NHK連続テレビ小説「エール」第22週、第24週で登場する古関裕而の名曲「高原列車は行く」についてまとめます。
この曲は、かつて福島・会津地方に走っていた沼尻鉄道(磐梯急行電鉄)の車窓風景が歌詞のモチーフになっています。
「高原列車は行く」作曲のため福島に滞在する裕一
「エール」第22週では、裕一(窪田正孝)が「高原列車は行く」の作曲のためにしばらく故郷・福島に滞在することになります。
相変わらず古山家で独り身のまま暮らす浩二(佐久本宝)。母・まさ(菊池桃子)がたびたび持ってくる見合い話をいつも断っていましたが、どうも今回は様子が違います。

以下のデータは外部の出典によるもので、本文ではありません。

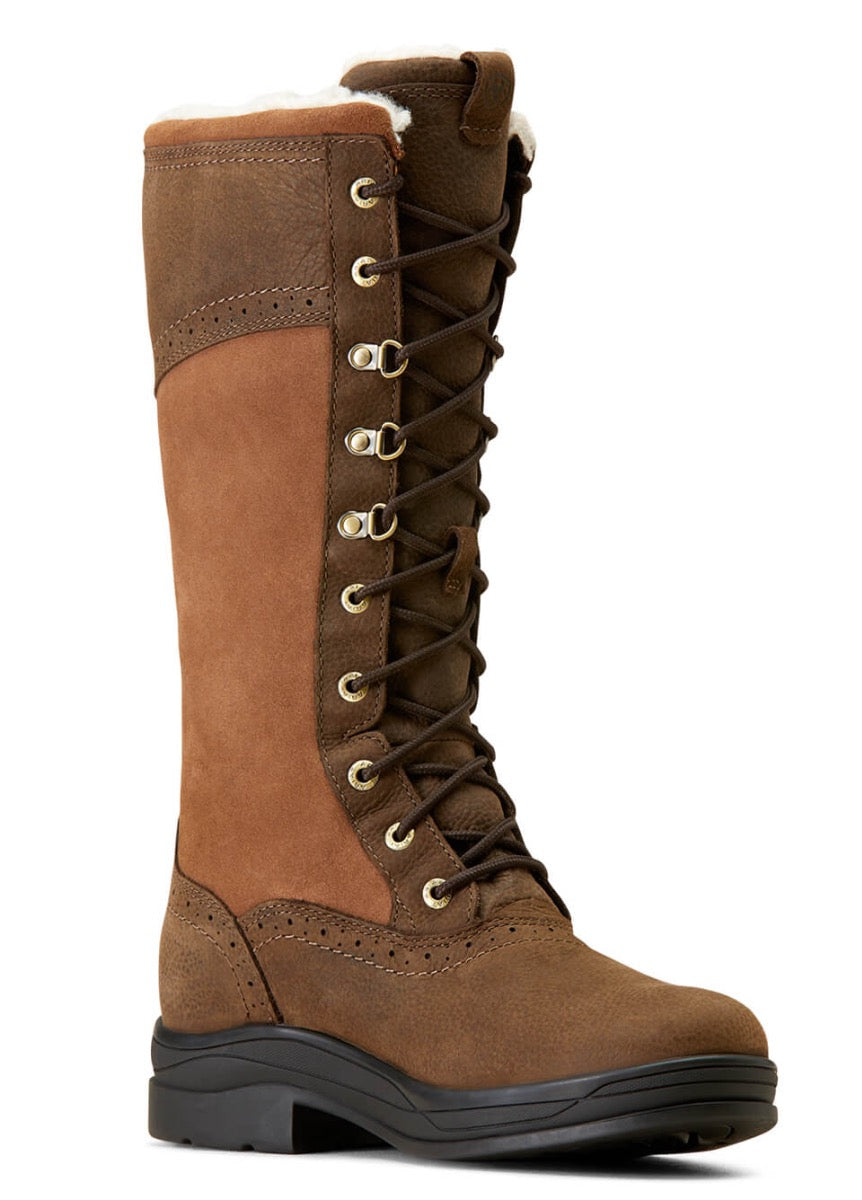 Ariat Wythburn II H2O Insulated Boot - Java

どうやら浩二は、仕事仲間であるリンゴ農家・畠山(マキタスポーツ)の愛娘・まき子に淡い恋心を抱いている様子。まき子が親戚の会社で経理の仕事をするために東京に出ることを知った浩二は、複雑な心境になっており…。
名曲「高原列車は行く」は、福島の男・浩二の恋模様にからめて曲の着想が練られていきます。
追記:「高原列車は行く」は第24週・第118回(11月25日)にも登場。木枯、鉄男、久志、藤丸ら長年の音楽仲間が集まった古山家。みんなでお酒を飲み肩を組みながら裕一の曲「高原列車は行く」が歌われました。

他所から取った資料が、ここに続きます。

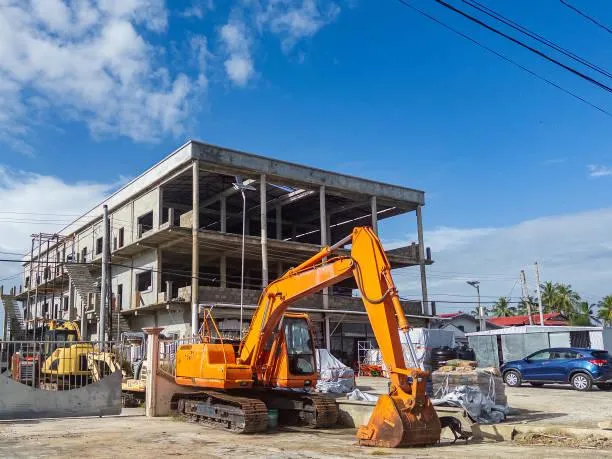 Empresa de construção industrial em Mogi das Cruzes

▼古関裕而・岡本敦郎コンビによる「高原列車は行く」「あこがれの郵便馬車」を収録したCD。
会津の車窓風景を歌った名曲「高原列車は行く」
▼雄大な磐梯山を眺めながら走った沼尻鉄道(磐梯急行電鉄)。線路が走っていたと思われる会津下館駅付近の風景。
「高原列車は行く」は、作曲・古関裕而、作詞・丘灯至夫、歌・岡本敦郎による1954年(昭和29年)の大ヒット曲です。

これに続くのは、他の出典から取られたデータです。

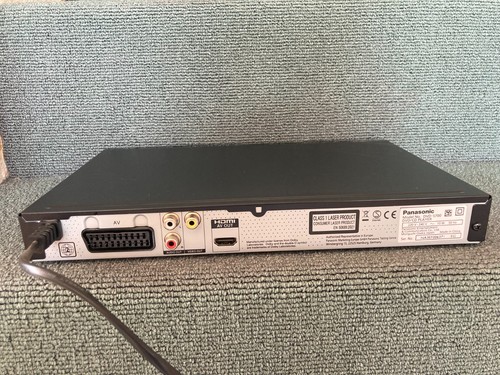 Panasonic dvd cd player - panasonic, cd-player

「牧場の乙女」「明るい青空」「白樺林」といった高原の爽やかな風景をうたう丘灯至夫の歌詞に、円熟期にあった古関裕而が明るく健康的なメロディーを作曲。
「白い花の咲く頃」を大ヒットさせ、古関裕而とともに「あこがれの郵便馬車」「みどりの馬車」などをヒットさせた名手・岡本敦郎が歌っています。
それまでの鉄道の歌といえば「夜霧」「雨」「別れ」「汽笛」など、暗く湿度が高い曲調を持つものが多かったのですが、「高原列車は行く」は底抜けに明るく、旅の楽しみと叙情に溢れた楽曲となっています。
中学校の音楽の教科書に採用され、古関裕而の故郷・福島駅在来線ホームの発車メロディに採用されるなど、「高原列車は行く」は現在も愛される名曲です。
沼尻鉄道(磐梯急行電鉄)の車窓風景がモチーフ
「高原列車は行く」は、作詞家・丘灯至夫が幼少期に見た車窓風景が歌詞のモチーフとなっています。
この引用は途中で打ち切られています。